> Exercise directions: Could you restate word for word every line from the one containing "HGLRC Zeus 800mW" to the end of the data below, pictures excluded?

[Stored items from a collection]

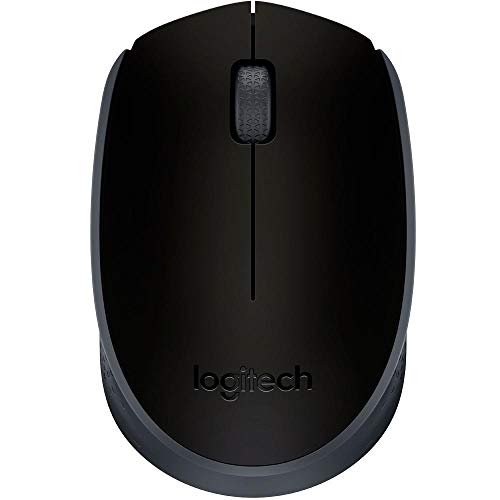 Mouse Logitech M170 1000 DPI Preto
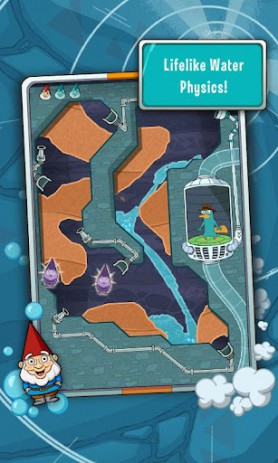 Where's My Perry? Free | Android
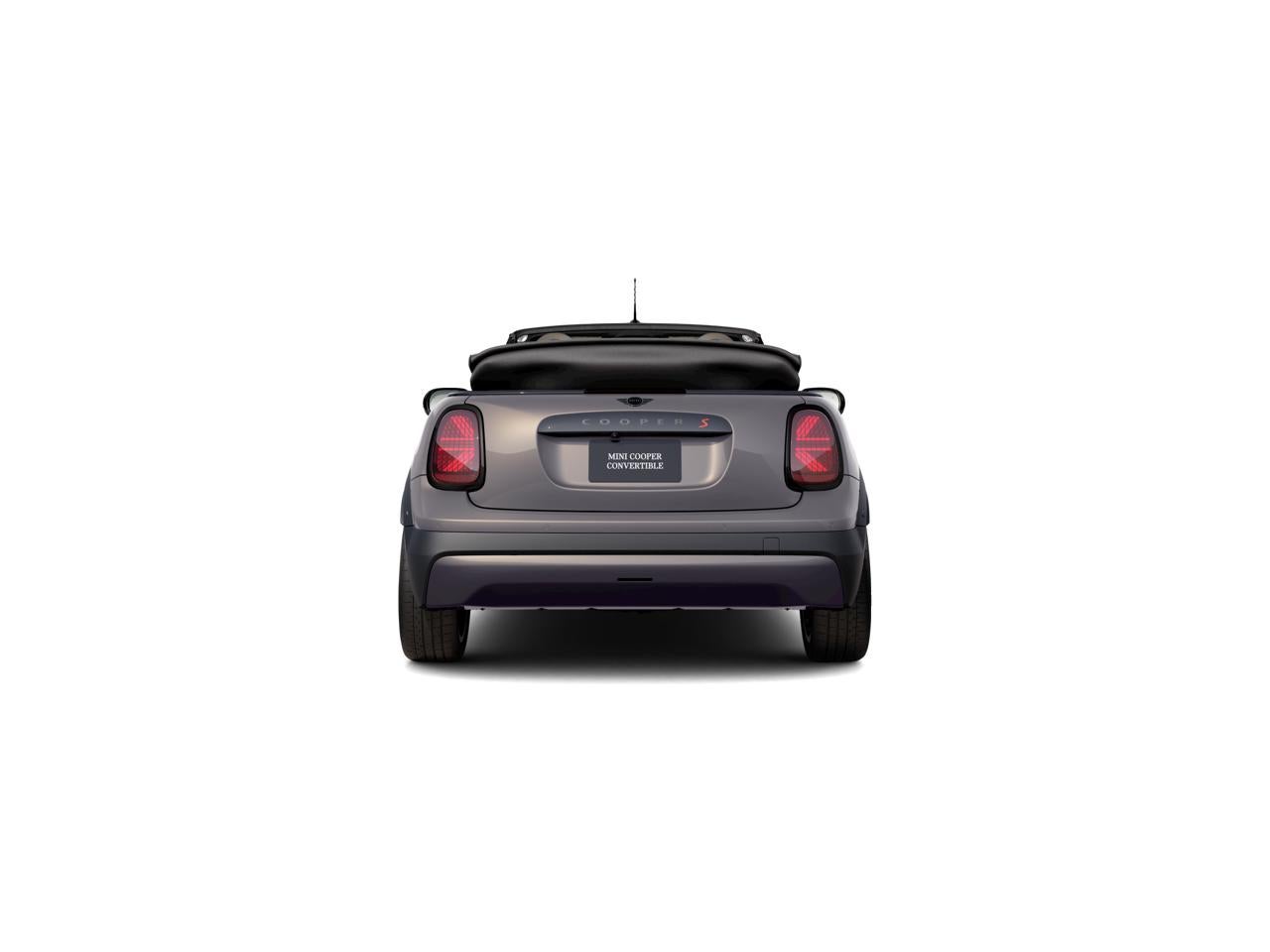 2027 MINI CONVERTIBLE SIGNATURE PLUS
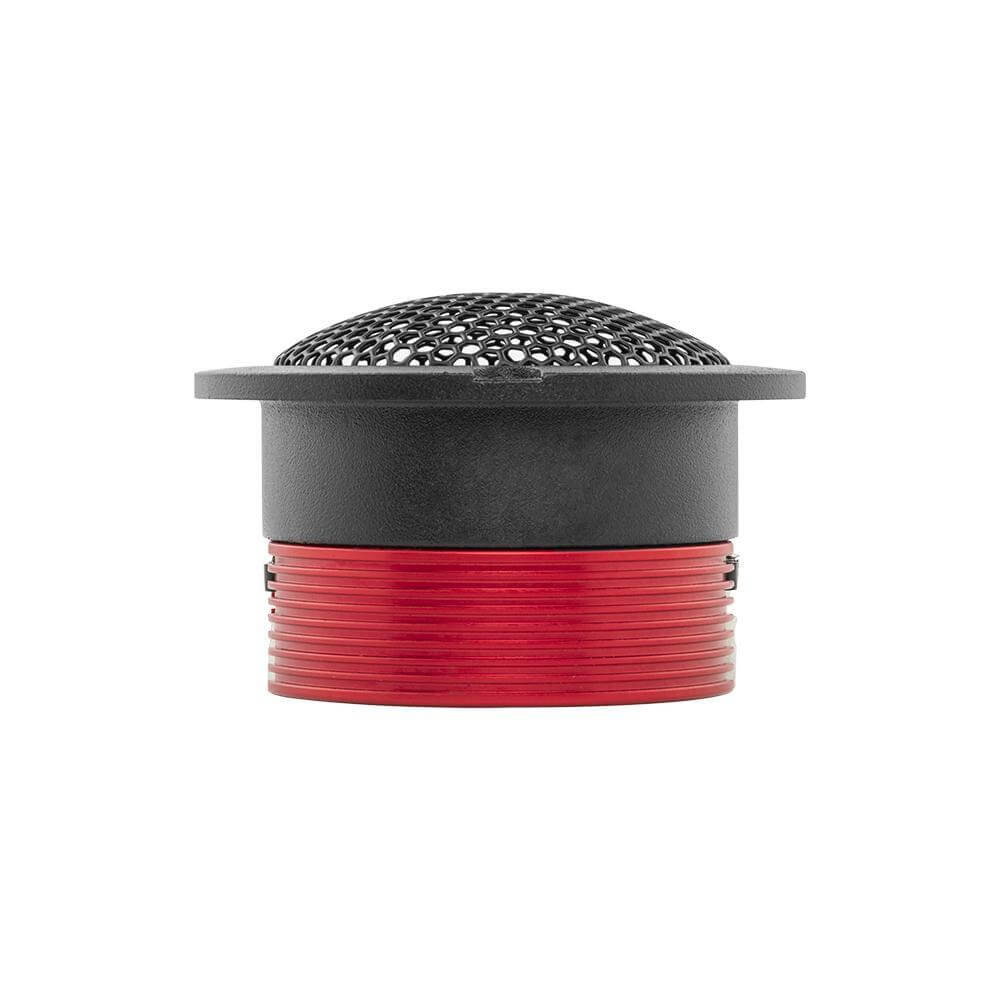 3" Die Cast Compression Neodymium Super Bullet Tweeter 120 Watts 1" Titanium 4-Ohm Vc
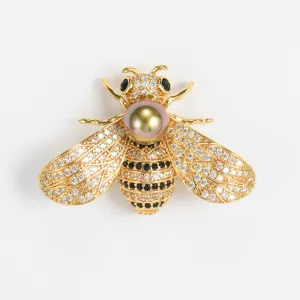 Bee Brooch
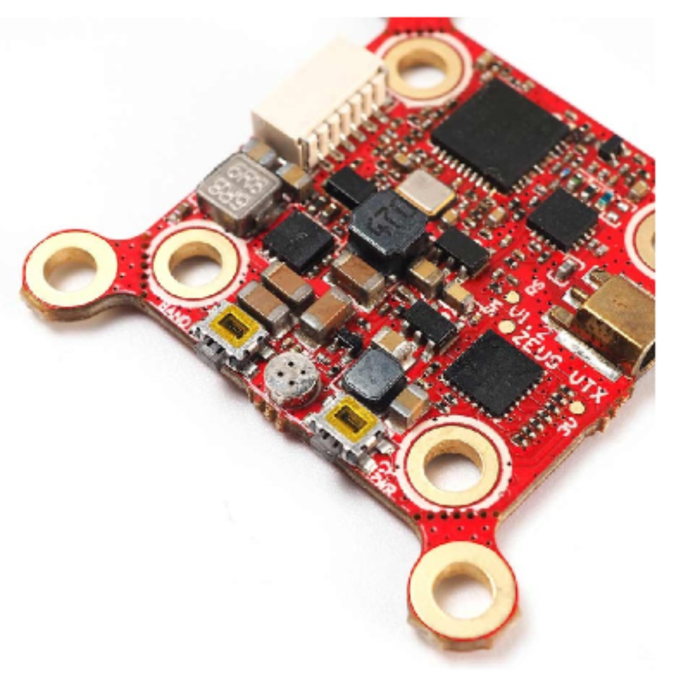 HGLRC Zeus 800mW Smart Mounting 20*20 / 30*30 VTX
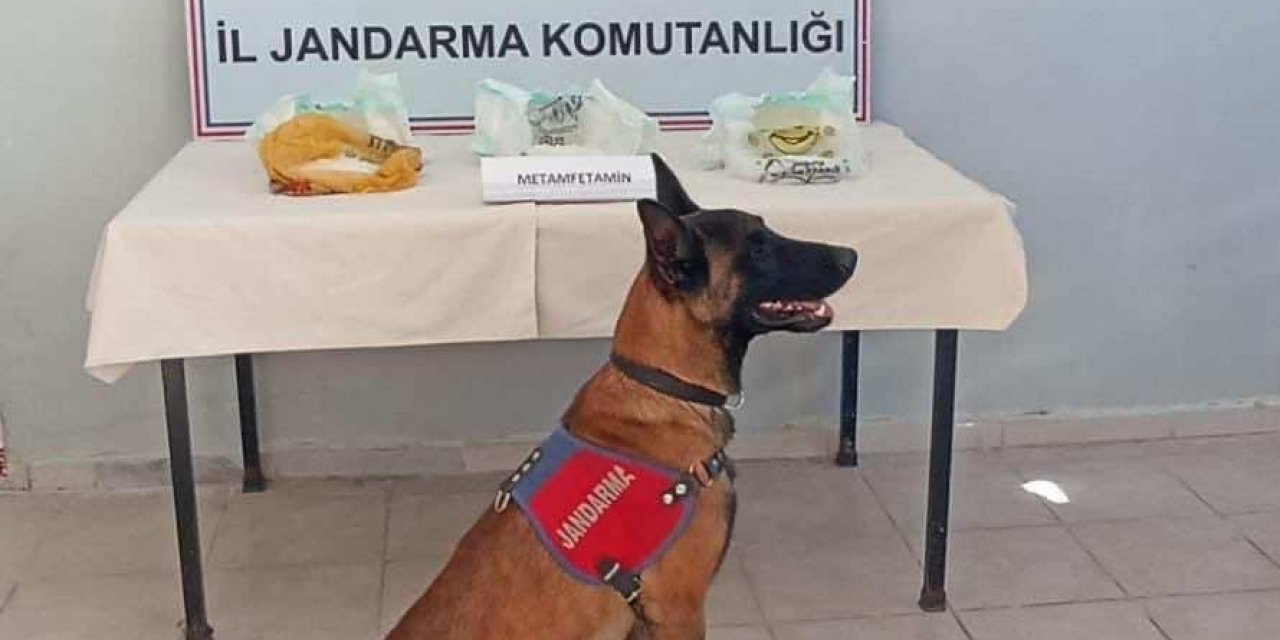 Ağrı’da uyuşturucudan 2 kişi gözaltına alındı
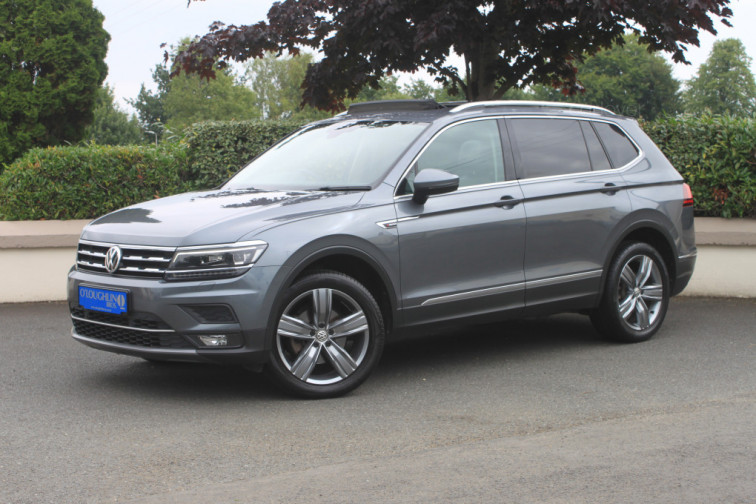 2020 Volkswagen Tiguan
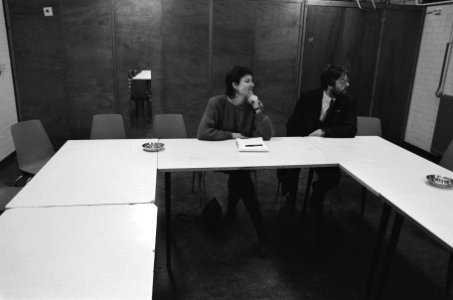 Wijk aan Zee , PSP-congres Fred van der Spek, Bestanddeelnr 933-5118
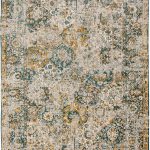 Louis De Poortere tapis CS 9127 Antiquarian Bakhtiari Fener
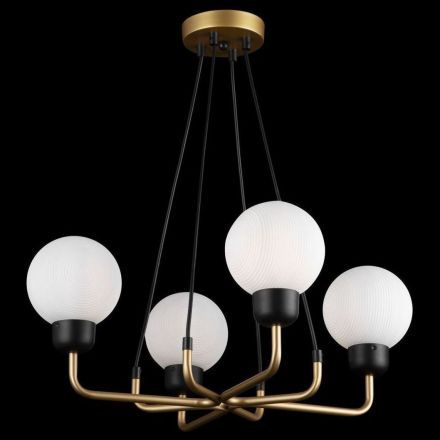 Подвесная люстра Freya FR5114PL-04G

> Completed exercise:
 HGLRC Zeus 800mW Smart Mounting 20*20 / 30*30 VTX
 Ağrı’da uyuşturucudan 2 kişi gözaltına alındı
 2020 Volkswagen Tiguan
 Wijk aan Zee , PSP-congres Fred van der Spek, Bestanddeelnr 933-5118
 Louis De Poortere tapis CS 9127 Antiquarian Bakhtiari Fener
 Подвесная люстра Freya FR5114PL-04G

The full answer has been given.